Scraping

Misc

  • Packages

    • {rvest}
    • {rselenium}
    • {selenium}
    • {selenider} - Wrapper functions around {chromote} and {selenium} functions that utilize lazy element finding and automatic waiting to make scraping code more reliable
    • {shadowr} - For shadow DOMs
  • Resources

  • In loops, use Sys.sleep (probably) after EVERY selenium function.

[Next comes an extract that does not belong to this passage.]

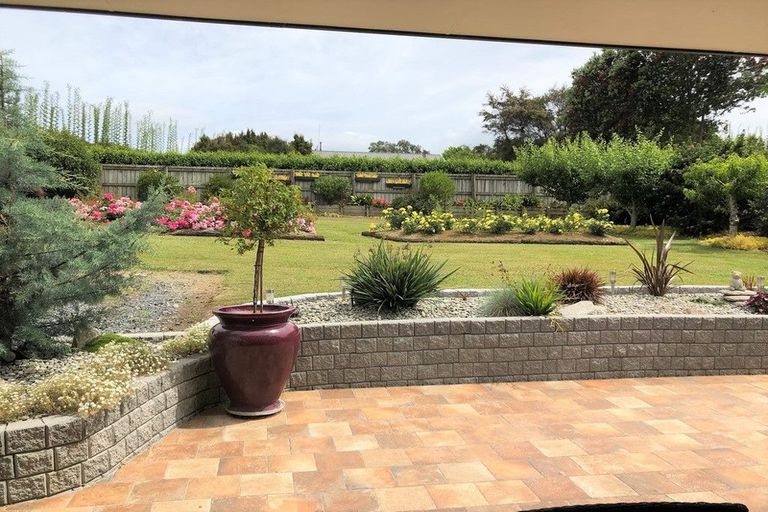 Photo of property in 41a Kendall Road, Kerikeri, 0230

Sys.sleep(1) might be all that’s required. ({selenider} fixes this problem)

    • See Projects > foe > gb-level-1_9-thread > scrape-gb-levels.R
    • Might not always be needed, but absolutely need if you’re filling out a form and submitting it.
    • Might even need one at the top of the loop
    • If a Selenium function stops working, adding Sys.sleeps are worth a try.
  • Sometimes clickElement( ) stops working for no apparent reason. When this happens used sendKeysToElement(list("laptops",key="enter"))

  • In batch scripts (.bat), sometimes after a major windows update, the Java that selenium uses will trigger Windows Defender (WD) and cause the scraping script to fail (if you have it scheduled). If you run the .bat script manually and then when the WD box rears its ugly head, just click ignore. WD should remember after that and not to mess with it.

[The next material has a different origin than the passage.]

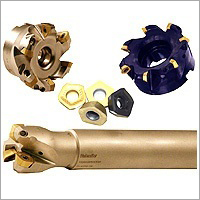 Multipurpose Cutter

  • RSelenium findElement(using = "") options “class name” : Returns an element whose class name contains the search value; compound class names are not permitted.

    • “css selector” : Returns an element matching a CSS selector.

    • “id” : Returns an element whose ID attribute matches the search value.

    • “name” : Returns an element whose NAME attribute matches the search value.

    • “link text” : Returns an anchor element whose visible text matches the search value.

    • “partial link text” : Returns an anchor element whose visible text partially matches the search value.

    • “tag name” : Returns an element whose tag name matches the search value.

    • “xpath” : Returns an element matching an XPath expression.

Terms

  • Static Web Page: A web page (HTML page) that contains the same information for all users. Although it may be periodically updated, it does not change with each user retrieval.

  • Dynamic Web Page: A web page that provides custom content for the user based on the results of a search or some other request. Also known as “dynamic HTML” or “dynamic content”, the “dynamic” term is used when referring to interactive Web pages created for each user.

rvest

  • Misc

    • Notes from: Pluralsight.Advanced.Web.Scraping.Tactics.R.Playbook
  • Uses css selectors or xpath to find html nodes

    library(rvest)
    page <- read_html("<url>")
    node <- html_element(page, xpath = "<xpath>"
    • Find css selectors
      • selector gadget
        1. click selector gadget app icon in Chrome in upper right assuming you’ve installed it already
        2. click item on webpage you want to scrape
          • it will highlight other items as well
        3. click each item you DON’T want to deselect it
        4. copy the selector name in box at the bottom of webpage
        5. Use html_text to pull text or html_attr to pull a link or something
      • inspect
        1. right-click item on webpage
        2. click inspect
        3. html element should be highlighted in elements tab of right side pan
        4. right-click element –> copy –> copy selector or copy xpath
  • Example: Access data that needs authentication (also see RSelenium version)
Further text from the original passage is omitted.